§ Exercise aim
Each line below must be transcribed with no word changed.

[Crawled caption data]
++++++++++++++++++++

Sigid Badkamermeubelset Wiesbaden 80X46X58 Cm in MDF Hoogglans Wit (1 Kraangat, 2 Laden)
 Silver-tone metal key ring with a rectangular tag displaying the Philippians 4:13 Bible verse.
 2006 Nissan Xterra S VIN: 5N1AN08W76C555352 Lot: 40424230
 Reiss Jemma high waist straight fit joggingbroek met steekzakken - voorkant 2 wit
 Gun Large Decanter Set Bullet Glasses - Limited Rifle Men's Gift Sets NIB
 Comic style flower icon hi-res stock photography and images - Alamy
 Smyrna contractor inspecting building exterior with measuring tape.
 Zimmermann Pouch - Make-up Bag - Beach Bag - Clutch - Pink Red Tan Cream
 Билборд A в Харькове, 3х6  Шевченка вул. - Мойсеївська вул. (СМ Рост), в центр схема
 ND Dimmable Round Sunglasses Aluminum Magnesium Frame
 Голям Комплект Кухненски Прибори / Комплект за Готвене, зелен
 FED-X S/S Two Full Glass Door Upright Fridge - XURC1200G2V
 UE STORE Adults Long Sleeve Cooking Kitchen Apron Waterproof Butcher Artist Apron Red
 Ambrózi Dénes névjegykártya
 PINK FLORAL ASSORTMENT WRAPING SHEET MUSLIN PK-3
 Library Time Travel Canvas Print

++++++++++++++++++++

§ Result
Sigid Badkamermeubelset Wiesbaden 80X46X58 Cm in MDF Hoogglans Wit (1 Kraangat, 2 Laden)
 Silver-tone metal key ring with a rectangular tag displaying the Philippians 4:13 Bible verse.
 2006 Nissan Xterra S VIN: 5N1AN08W76C555352 Lot: 40424230
 Reiss Jemma high waist straight fit joggingbroek met steekzakken - voorkant 2 wit
 Gun Large Decanter Set Bullet Glasses - Limited Rifle Men's Gift Sets NIB
 Comic style flower icon hi-res stock photography and images - Alamy
 Smyrna contractor inspecting building exterior with measuring tape.
 Zimmermann Pouch - Make-up Bag - Beach Bag - Clutch - Pink Red Tan Cream
 Билборд A в Харькове, 3х6  Шевченка вул. - Мойсеївська вул. (СМ Рост), в центр схема
 ND Dimmable Round Sunglasses Aluminum Magnesium Frame
 Голям Комплект Кухненски Прибори / Комплект за Готвене, зелен
 FED-X S/S Two Full Glass Door Upright Fridge - XURC1200G2V
 UE STORE Adults Long Sleeve Cooking Kitchen Apron Waterproof Butcher Artist Apron Red
 Ambrózi Dénes névjegykártya
 PINK FLORAL ASSORTMENT WRAPING SHEET MUSLIN PK-3
 Library Time Travel Canvas Print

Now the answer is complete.